======== Records to process ========
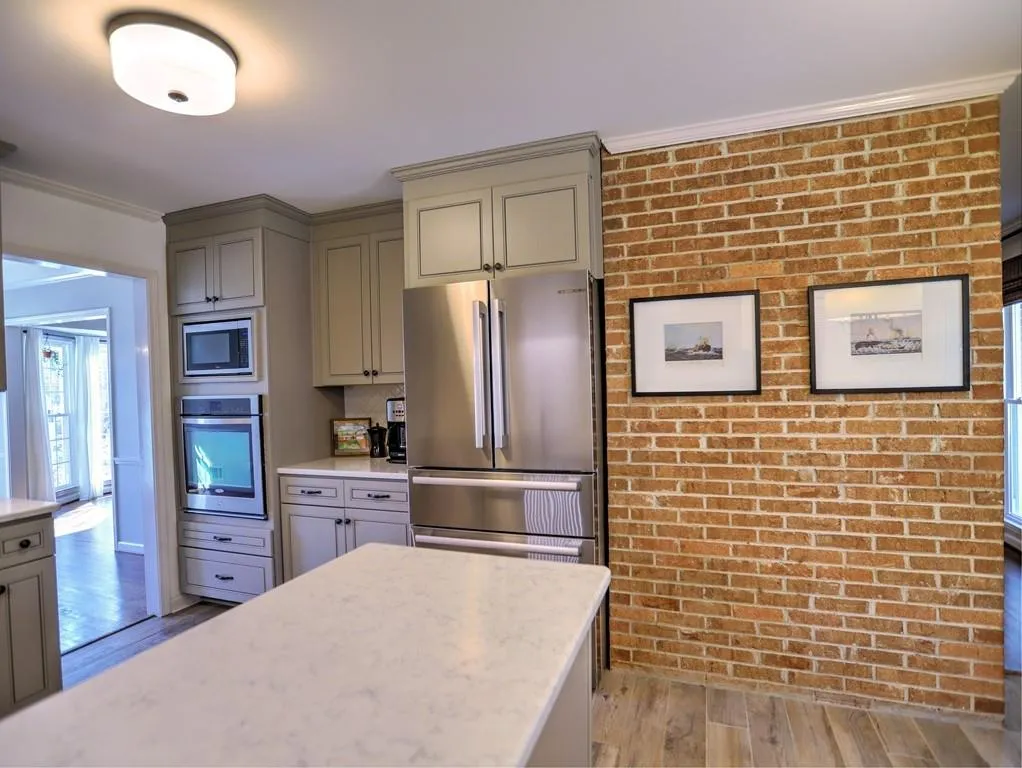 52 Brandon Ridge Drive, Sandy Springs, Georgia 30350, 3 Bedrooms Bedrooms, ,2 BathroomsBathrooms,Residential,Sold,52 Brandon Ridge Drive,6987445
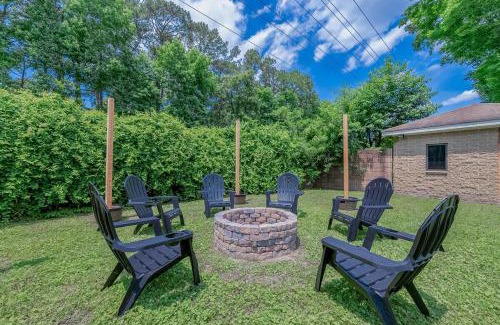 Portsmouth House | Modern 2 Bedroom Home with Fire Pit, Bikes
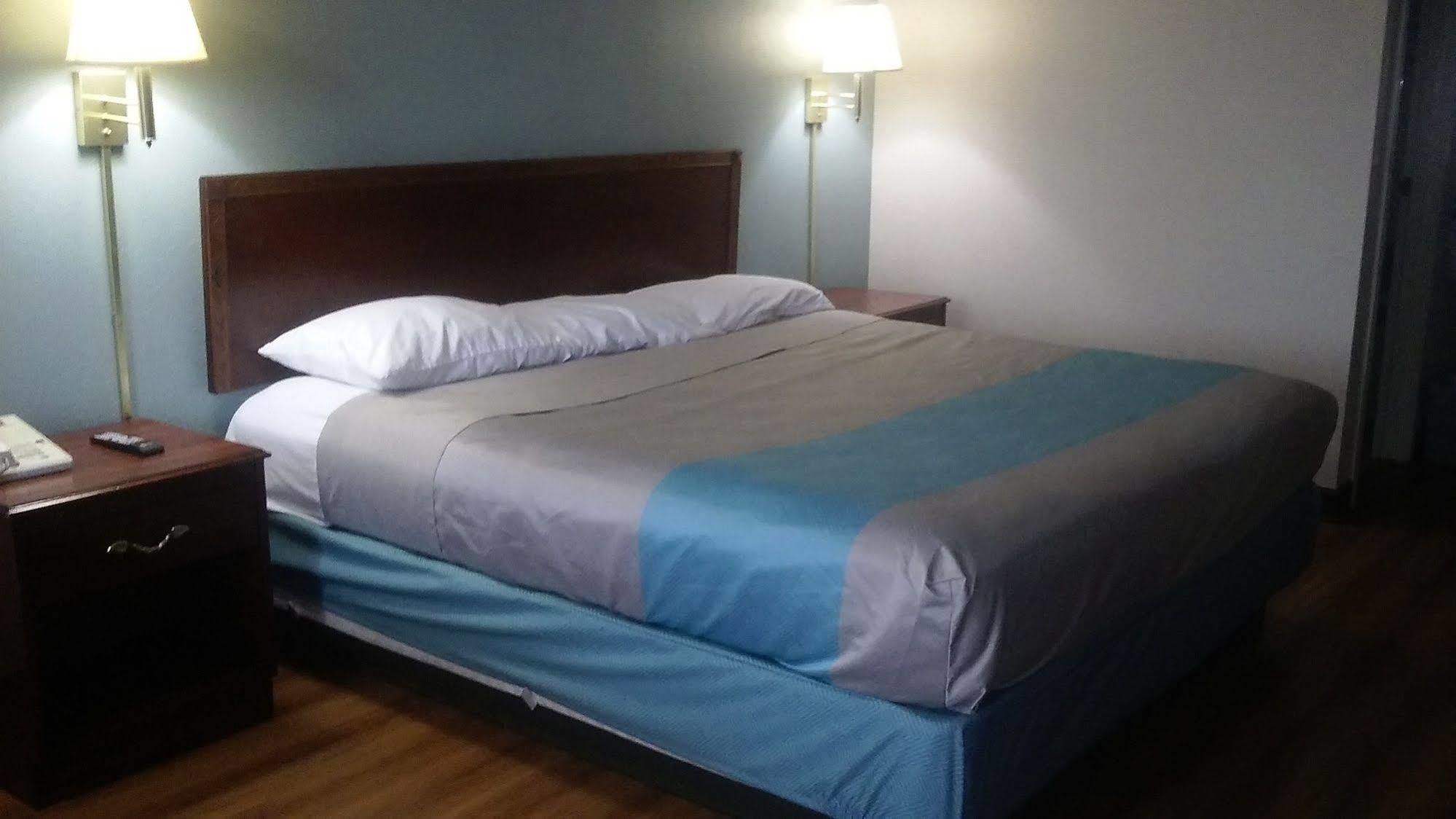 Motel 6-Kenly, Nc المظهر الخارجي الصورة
========
======== Records to process ========
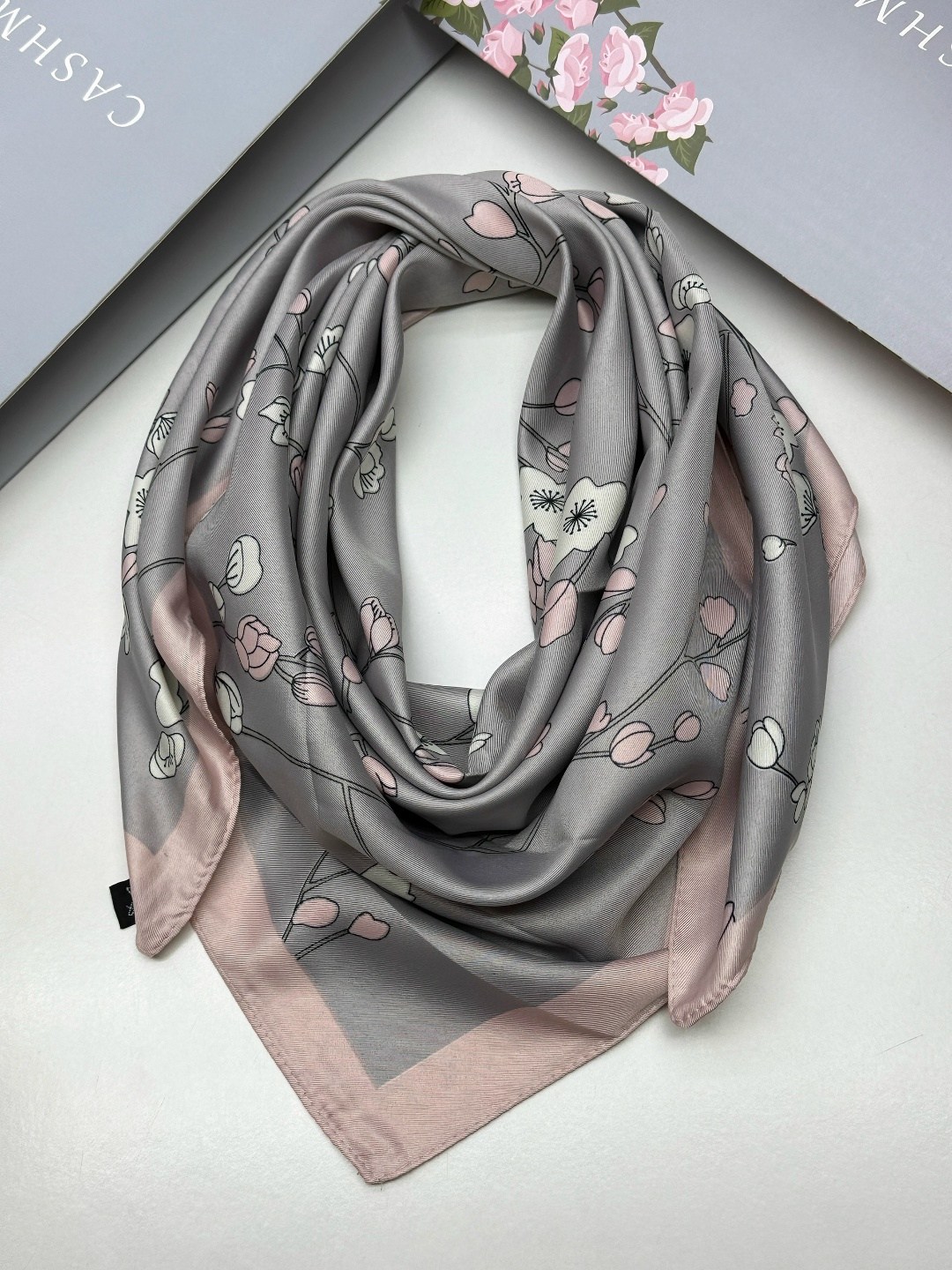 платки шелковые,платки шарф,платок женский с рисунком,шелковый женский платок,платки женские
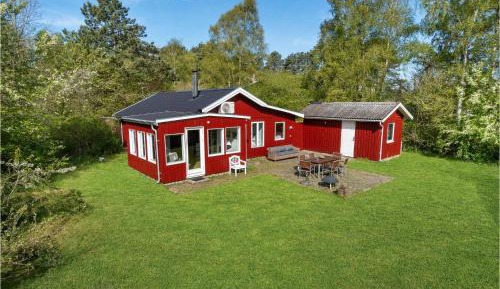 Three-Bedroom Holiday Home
========
======== Records to process ========
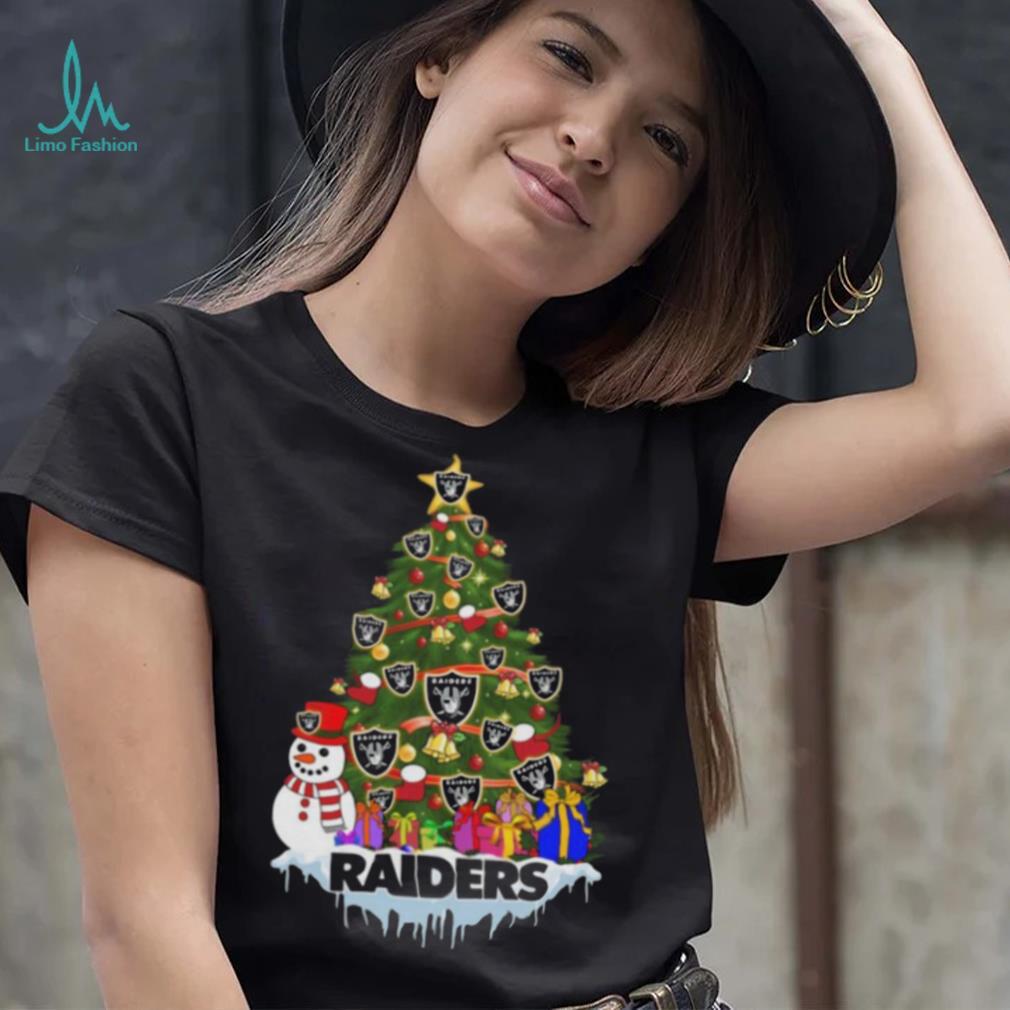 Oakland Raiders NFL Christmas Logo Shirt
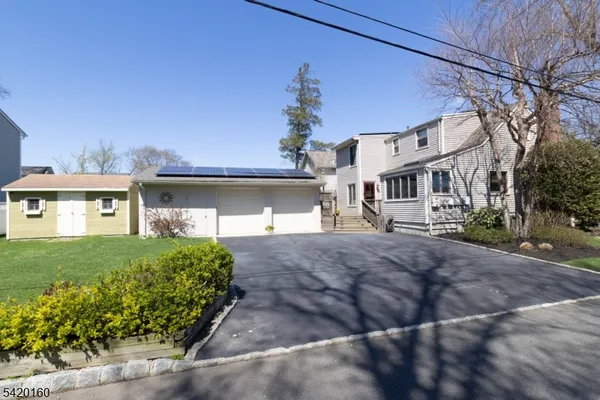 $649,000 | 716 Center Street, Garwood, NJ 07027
========
- [Prompt]
Leaving all pictures out, output exactly the lines of the material above from the line with "52 Brandon Ridge Drive, Sandy" to the line with "Motel 6-Kenly, Nc المظهر الخارجي الصورة", both included.

- [Task result]
 52 Brandon Ridge Drive, Sandy Springs, Georgia 30350, 3 Bedrooms Bedrooms, ,2 BathroomsBathrooms,Residential,Sold,52 Brandon Ridge Drive,6987445
 Portsmouth House | Modern 2 Bedroom Home with Fire Pit, Bikes
 Motel 6-Kenly, Nc المظهر الخارجي الصورة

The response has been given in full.